A matter of political will

Ultimately, the biggest challenge to a program of this ambition isn’t financial or logistical. It’s political.

“I think it’s something that has unbelievable medical, economic, social, and public health logic, but it is also something that involves making a commitment to something that the American public really seems quite reluctant to commit to,” says Fullilove. Even with the financial and social benefits generated by a community health and justice workers corps, he says, American culture is too sold on the necessity of providing harsh punishment to incarcerated people, and would hardly be willing to invest in them.

But what further complicates the issue is the structure of governance of the prison system and related programs. The political will and reforms would not just have to gain federal support, but often be embraced on a state level, too.

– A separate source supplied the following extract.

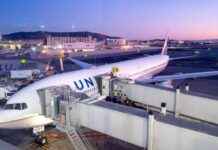 Bloody Attack Aboard Cross-Country Flight: FBI Affidavit Details news-31102024-234655
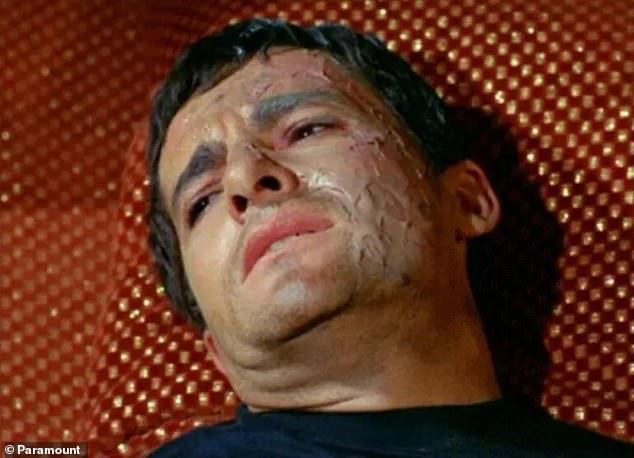تم تصوير Troupe على الملازم Matthew Harold في مسلسل Star Trek TV ، أيضًا في عام 1967 (في الصورة)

The resistance to investing in incarcerated and formerly incarcerated individuals could take many shapes. For instance, an argument that Keshavjee could easily see arising is whether people with criminal records could be a danger for the communities they serve as health workers. This is, he says, largely based on a prejudice, with little logical grounds. “More people are dying from lack of healthcare than anything else, so the fear that some pot smoker giving you your insulin or helping you walk around the block is somehow going to lead to your early demise, versus the fact that you don’t actually have care, it doesn’t make any sense,” he says.

These challenges should not dissuade policy makers from pursuing the proposal, even if it means cutting it in two, says Keshavjee. “Even if we pursue the two separately, thinking about how to get jobs for people who’ll come out of prison and setting up a public health corps, each of these on their own are meritorious activities. And then if you could tie them together, that would be even better,” he says.